*PROBLEM REQUIREMENTS*
Directions for the data below: repeat exactly the lines from the one with "Apartamento T2 para" through the one with "รูปของ สลัดมะม่วงอโวคาโด Avocado", both included, and omit all pictures.

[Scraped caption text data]
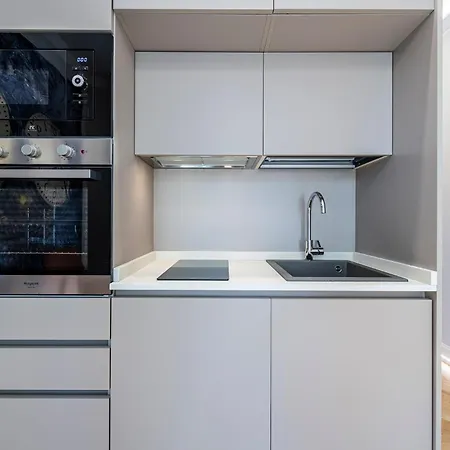 Beccaria Modern Luxury - *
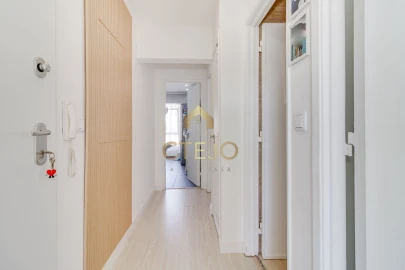 Apartamento T2 para Venda em Santa Iria de Azoia, São João da Talha e Bobadela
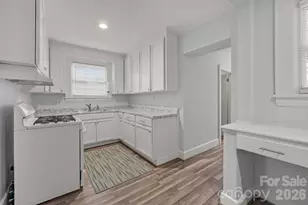 3724 Commonwealth Ave, Charlotte, NC 28205 - Photo 11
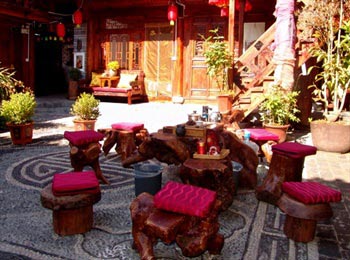Lijiang flavor Inn Seven Taste Life Courtyard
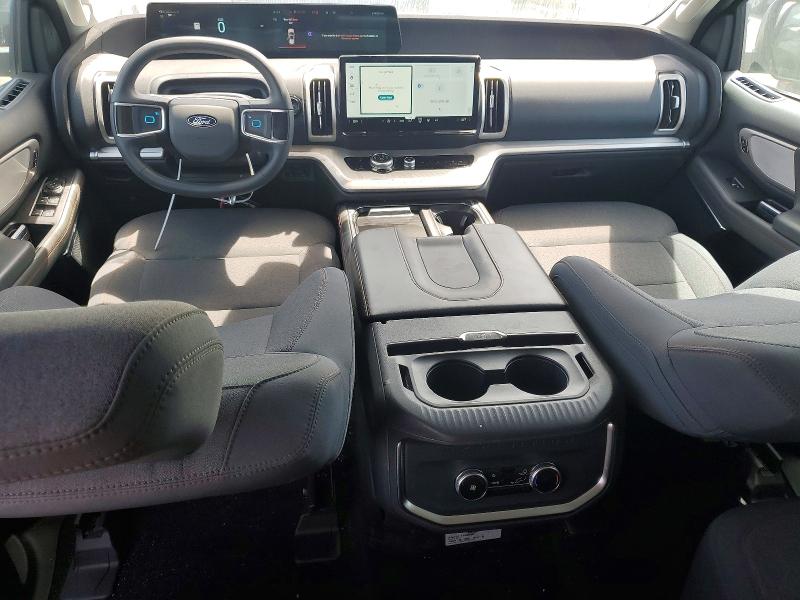 Продаж на аукціоні авто 2025 Ford Expedition, vin: 1FMJK1H8XSEA48296, номер лоту: 49646516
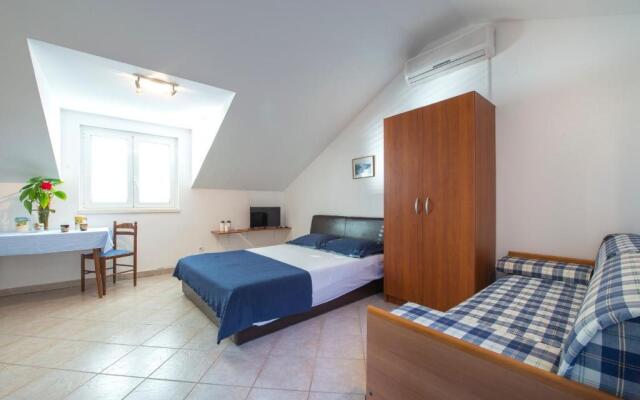 Apartment Dia - 30 m from sea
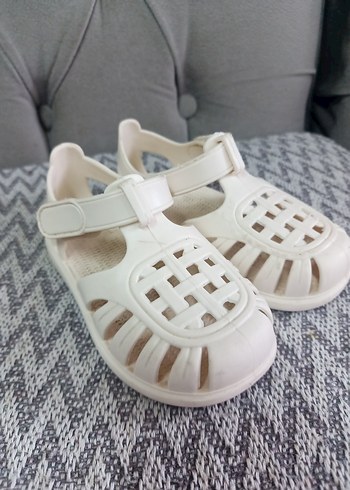 Kız Çocuk Gri Beyaz Kaydırmaz Terlik - Görsel 3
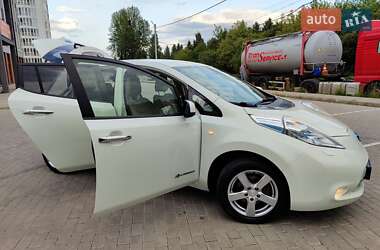 Хетчбек Nissan Leaf 2012 в 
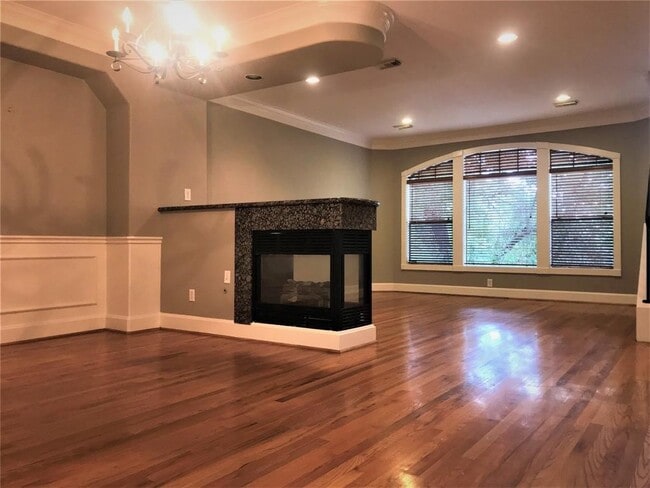 Building Photo - 2430 Dorrington St Unit C Rental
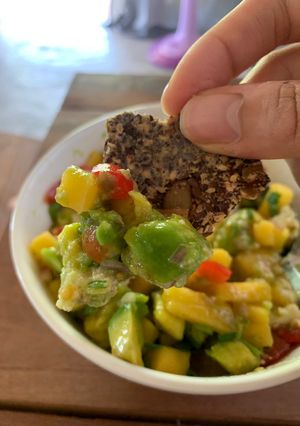 รูปของ สลัดมะม่วงอโวคาโด Avocado Mango Salsa (วีแกน มังสวิรัติ)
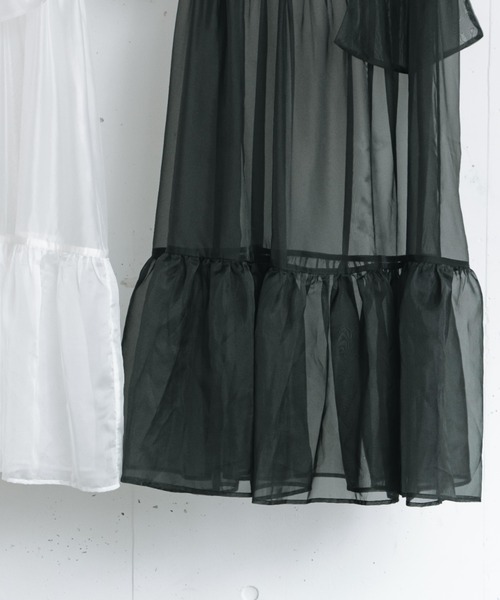 INTER FACTORY（インターファクトリー）の「【mayuka】 - メレンゲシアーロングワンピース - made in INTER FACTORY（ワンピース・レディース・ブラック/ホワイト・FREE）」の20枚目の写真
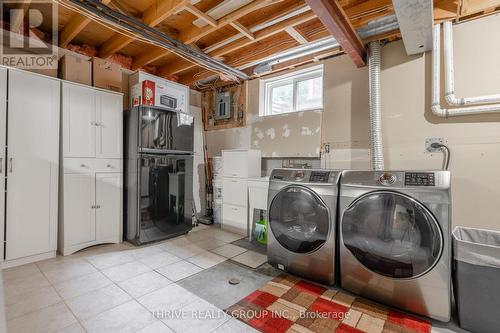 60 Portsmouth Road, London, ON - Indoor Photo Showing Laundry Room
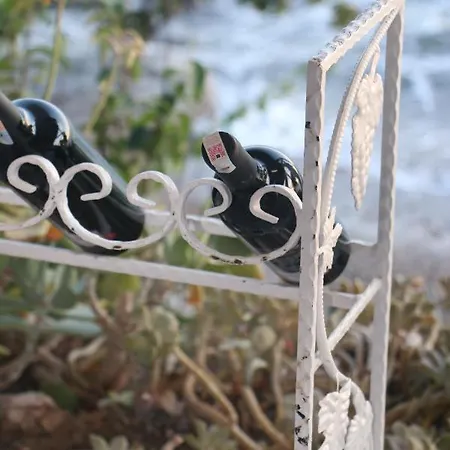 מלון Urga Butik & Restaurant *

*SOLUTION*
 Apartamento T2 para Venda em Santa Iria de Azoia, São João da Talha e Bobadela
 3724 Commonwealth Ave, Charlotte, NC 28205 - Photo 11
Lijiang flavor Inn Seven Taste Life Courtyard
 Продаж на аукціоні авто 2025 Ford Expedition, vin: 1FMJK1H8XSEA48296, номер лоту: 49646516
 Apartment Dia - 30 m from sea
 Kız Çocuk Gri Beyaz Kaydırmaz Terlik - Görsel 3
 Хетчбек Nissan Leaf 2012 в 
 Building Photo - 2430 Dorrington St Unit C Rental
 รูปของ สลัดมะม่วงอโวคาโด Avocado Mango Salsa (วีแกน มังสวิรัติ)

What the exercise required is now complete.